“Friedrich is no longer with us. [Some of his last pictures] testify to what singularity of disposition and steely resolve he applied to his works, imbuing them with the same deep melancholy and quick-spirited Romanticism of poetry, until the final years of his life”, 1840

“This introduction is meant to call attention […] to one mere aspect alone, namely that in landscape painting, it was Friedrich, with his profound and energetic spirit and his absolute originality, who delved into the tangled mass of the everyday, the prosaic, the stale, and, by crushing it with a dour melancholy temperament, plucked from its midst a new, luminous, poetic way of seeing.”
By no means do we intend to single out his conception of the art of landscape painting as the sole valid one, and even less as the only one worthy of pursuing, but whoever is willing and capable of recalling the formerly imitative, trivial state of this art form will perceive that the emergence of such a new and elementally spiritual direction, as manifest in Friedrich, must necessarily have a stimulating, nay even overwhelming impact on anyone with sensibility of mind.

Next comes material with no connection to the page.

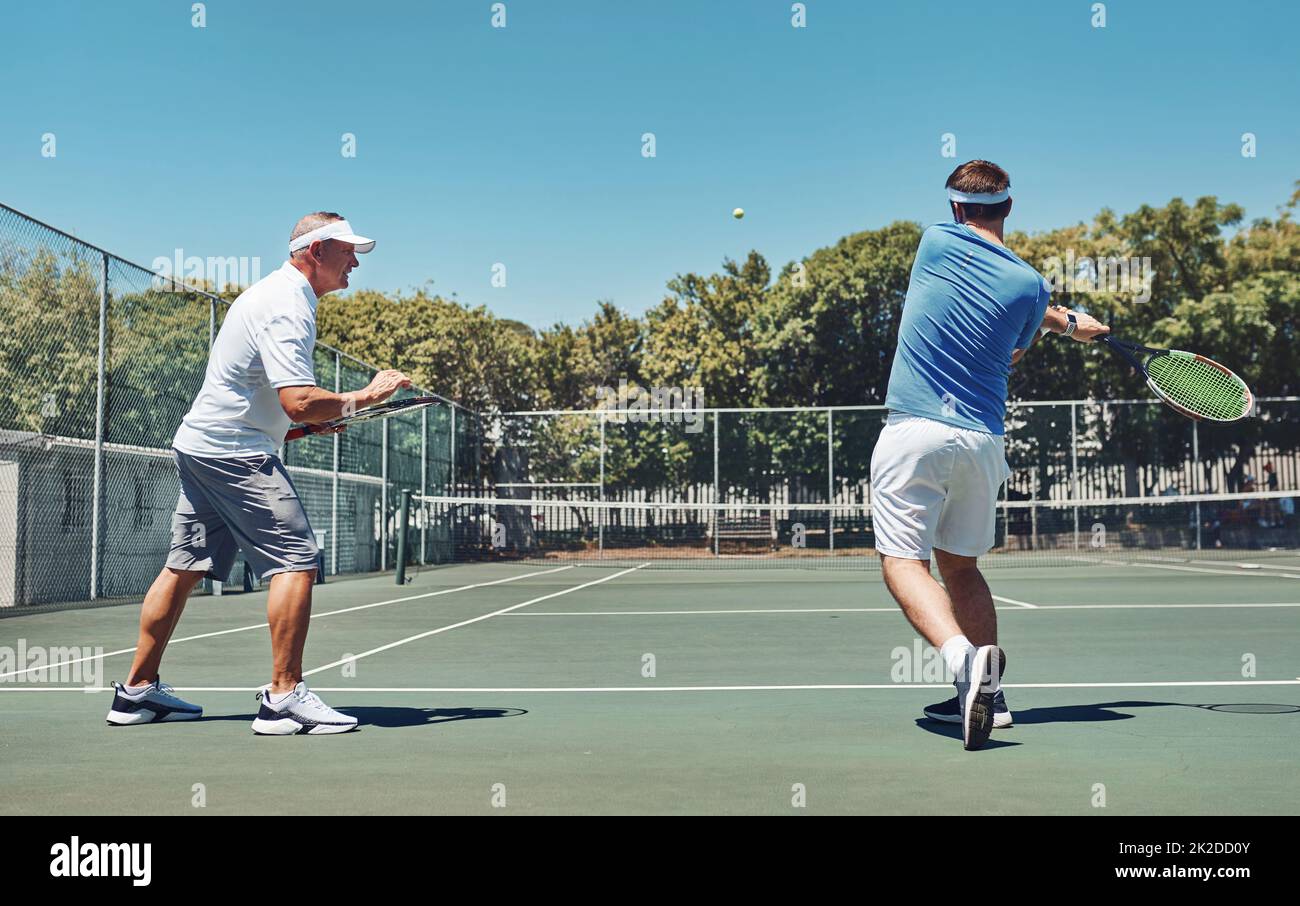 Work on that swing. Full length shot of a handsome mature sportsman coaching a fellow team-mate during a tennis training session. Stock Photo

Friedrich is no longer with us, and had already suffered severe impairment of his mental and creative capacities for a number of years as the result of apoplexy [= a stroke]; only a small number of his pictures were on view at the most recent Dresden Art Exhibition of 1840, in particular one of his very last pictures, which testify to what singularity of disposition and steely resolve he applied to his works, imbuing them with the same deep melancholy and quick-spirited Romanticism of poetry, until the final years of his life.” – Carl Gustav Carus, “Friedrich der Landschaftsmaler,” in Kunstblatt 1840, pp. 363–365.